-------- DATA BLOCK

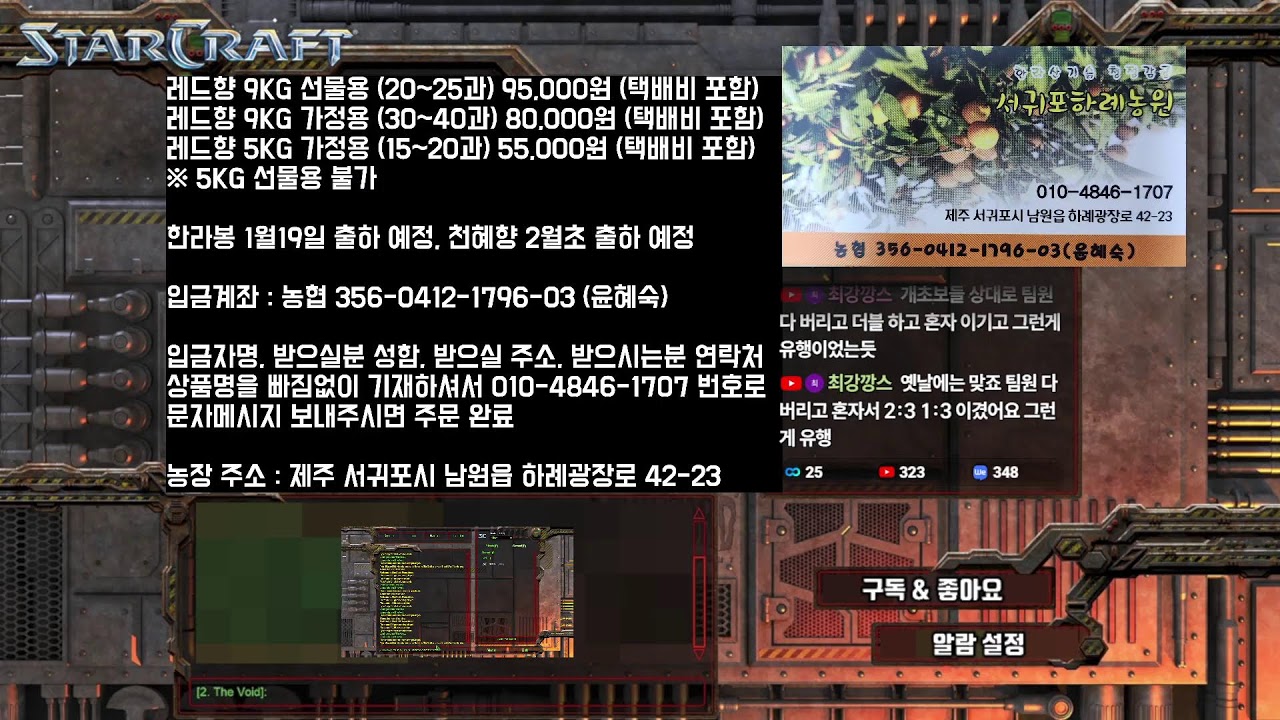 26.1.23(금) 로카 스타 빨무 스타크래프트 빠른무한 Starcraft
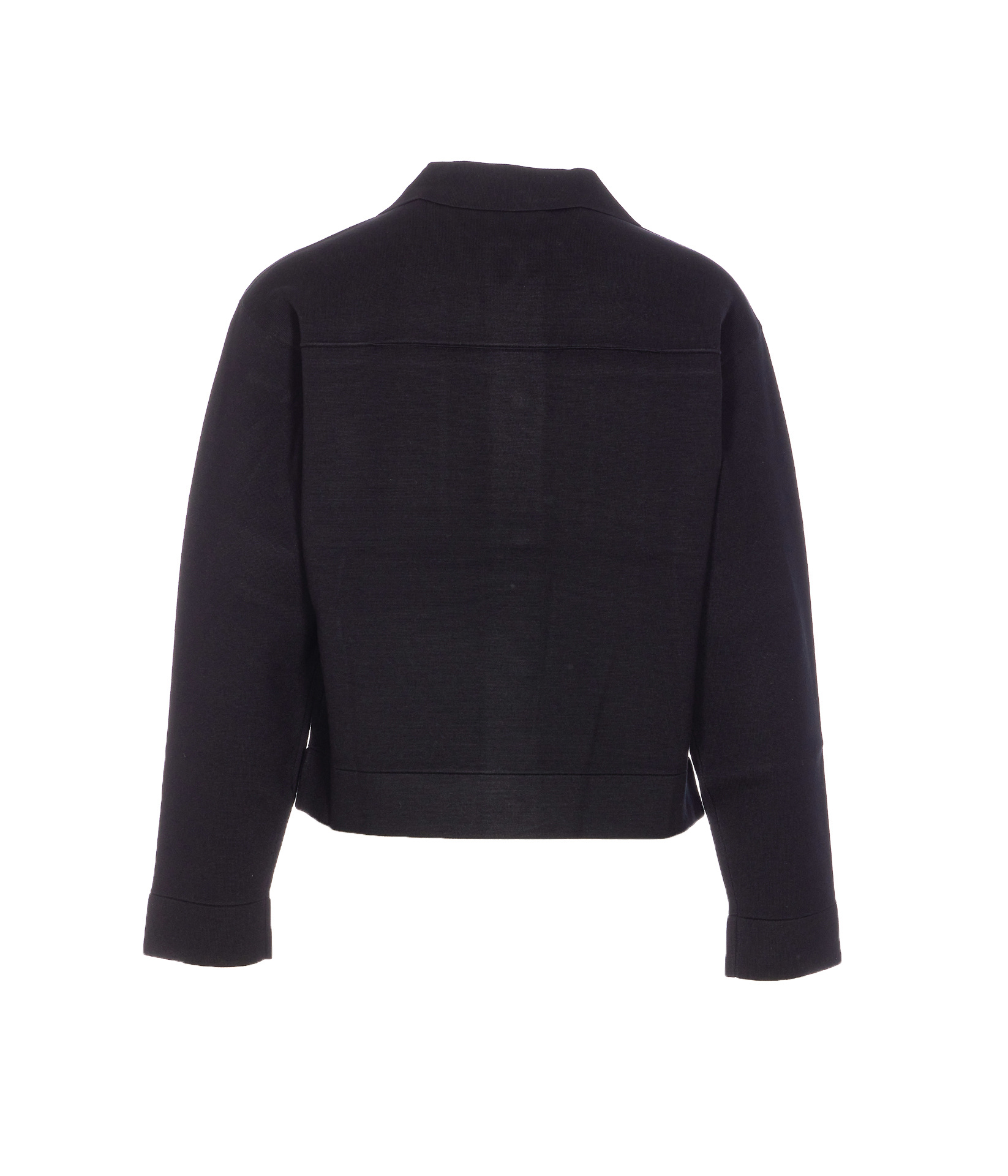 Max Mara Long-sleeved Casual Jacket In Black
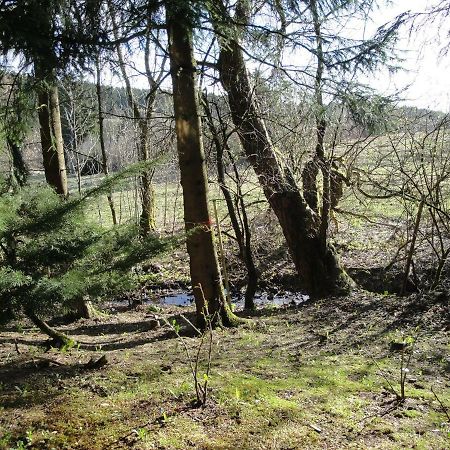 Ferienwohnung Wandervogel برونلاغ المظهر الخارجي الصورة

----------------

- _TASK STATEMENT_
Reproduce word for word the lines from the line holding "Max Mara Long-sleeved Casual Jacket In Black" through the last line of the material above, inclusive, and keep pictures out of it.

- _TASK RESULT_
 Max Mara Long-sleeved Casual Jacket In Black
 Ferienwohnung Wandervogel برونلاغ المظهر الخارجي الصورة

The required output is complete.